(WHAT THE TASK ASKS)
In the data below, set down exactly the lines from the one containing "Next is a package" up to and including the one containing "This is the". Leave the pictures out.

Segment Start: RECORDS

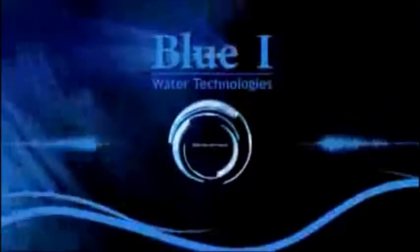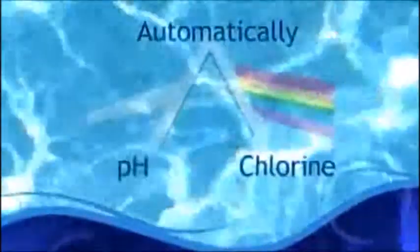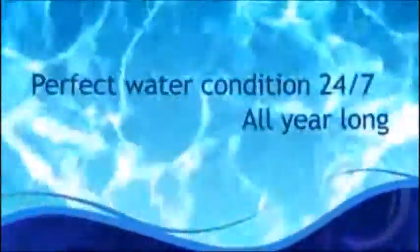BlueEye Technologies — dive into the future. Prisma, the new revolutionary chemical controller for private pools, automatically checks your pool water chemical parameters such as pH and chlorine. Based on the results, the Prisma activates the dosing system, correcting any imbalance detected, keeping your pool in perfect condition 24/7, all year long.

Segment End: RECORDS
Segment Start: RECORDS

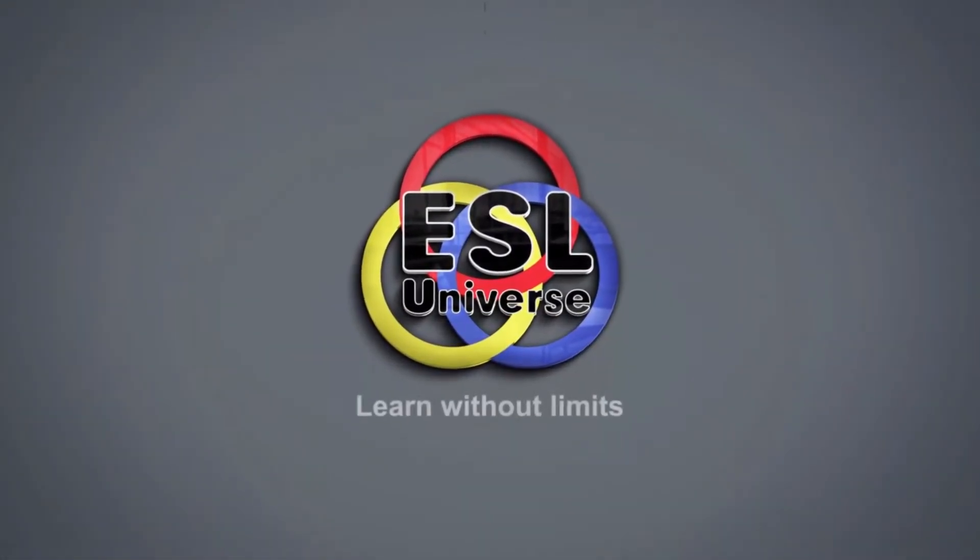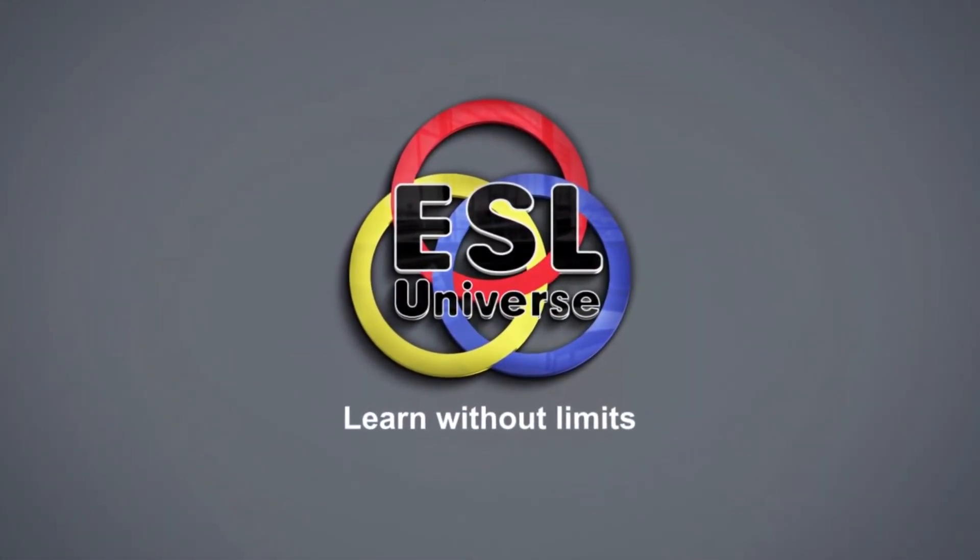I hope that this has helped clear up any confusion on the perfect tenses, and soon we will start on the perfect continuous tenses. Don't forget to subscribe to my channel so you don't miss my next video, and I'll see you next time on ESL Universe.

Segment End: RECORDS
Segment Start: RECORDS

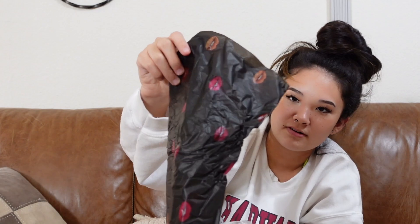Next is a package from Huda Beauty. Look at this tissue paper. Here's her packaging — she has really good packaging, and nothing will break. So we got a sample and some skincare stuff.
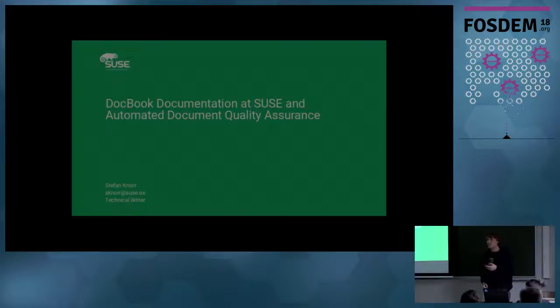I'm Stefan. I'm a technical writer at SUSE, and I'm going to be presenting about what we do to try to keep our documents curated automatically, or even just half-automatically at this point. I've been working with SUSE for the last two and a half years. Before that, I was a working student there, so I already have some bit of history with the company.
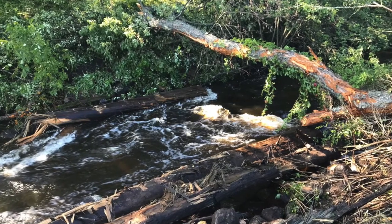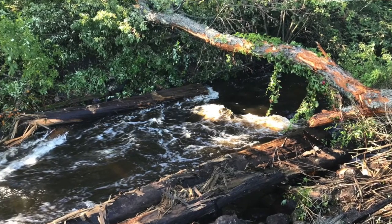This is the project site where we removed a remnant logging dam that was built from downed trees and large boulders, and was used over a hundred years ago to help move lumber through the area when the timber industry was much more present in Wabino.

Segment End: RECORDS

(EXERCISE RESPONSE)
Next is a package from Huda Beauty. Look at this tissue paper. Here's her packaging — she has really good packaging, and nothing will break. So we got a sample and some skincare stuff.
I'm Stefan. I'm a technical writer at SUSE, and I'm going to be presenting about what we do to try to keep our documents curated automatically, or even just half-automatically at this point. I've been working with SUSE for the last two and a half years. Before that, I was a working student there, so I already have some bit of history with the company.
This is the project site where we removed a remnant logging dam that was built from downed trees and large boulders, and was used over a hundred years ago to help move lumber through the area when the timber industry was much more present in Wabino.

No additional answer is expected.